L'ex guardia imperiale osservò i dintorni con lo stesso occhio vigile di chi ha vissuto per anni in un luogo, imprimendo nella propria mente ogni minuzioso dettaglio e ora ne stia cercando una differenza tra le pieghe.

Immaginai che dovette avere la mia stessa reazione alla vista del palazzo dopo così tanti anni.

«Quando ero ancora una recluta, si sentivano per tutto il giorno lo scocco degli archi, il clangore delle spade, l'affanno dei respiri...»

Coline, malinconica, proseguiva quasi in testa al gruppo dei Rasseln, immersa nei ricordi che le sue parole facevano riaffiorare e che i suoi occhi plasmavano davanti a lei.

Improvvisamente si portò una mano in viso, tappandosi il naso disgustata.

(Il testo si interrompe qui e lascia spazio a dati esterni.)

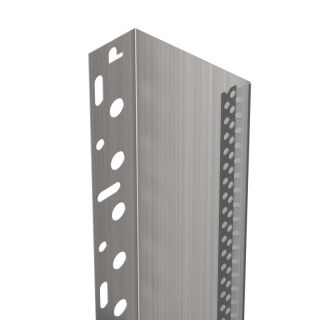 Protektorwerk Abschlussprofil, WDV-Systeme, Alu Protektorwerk Florenz Maisch - Protektorwerk Abschlussprofil, WDV-Systeme, Alu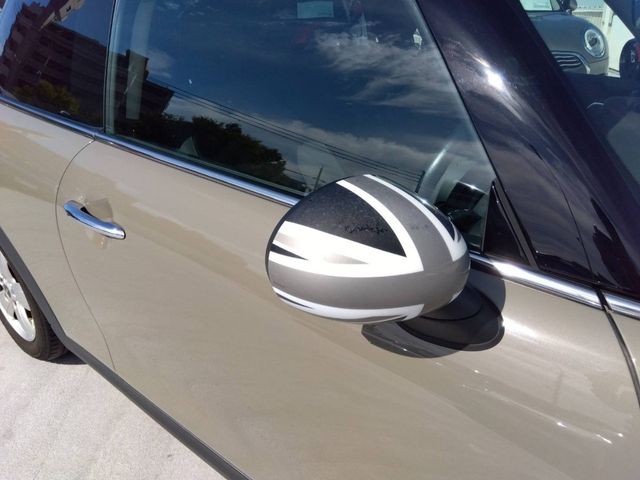 Bmw MINI 2018-10 24968-13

«L'odore però è rimasto lo stesso!»

Una ventata gelida mi portò al naso un umido tanfo di cavolo marcio.
Spontaneamente mi tappai il naso, asfissiata.

«Ti ci abituerai dopo un po', spero...»

«Cos'è?» Domandai disgustata.

«La palude. È più un acquitrino, ma nessuno lo chiama così... o almeno fin quando io ero ancora una matricola.» Aggiunse dopo un po', malinconica.

Capivo esattamente cosa stesse provando, e le poggiai una mano sulla spalla in un tentativo di rassicurarla.

«Dove sono gli altri?» Chiese improvvisamente ad un Rasseln.

«A riposare. Oggi c'è astinenza.» Rispose lui, stranamente accondiscendente.

Coline si accigliò. «Chi questa volta?»

«Gerard.» Disse il Rasseln, improvvisamente scuro in volto, abbassando lo sguardo.

«Mi dispiace.» Coline strinse l'avambraccio dell'essere dell'Altro Sole, mentre questo si limitò solo ad annuire.

«Cosa è successo?»

Era la prima volta che un Rasseln mostrava un'emozione diversa dalla rabbia e dall'odio, e questa cosa mi lasciò destabilizzata.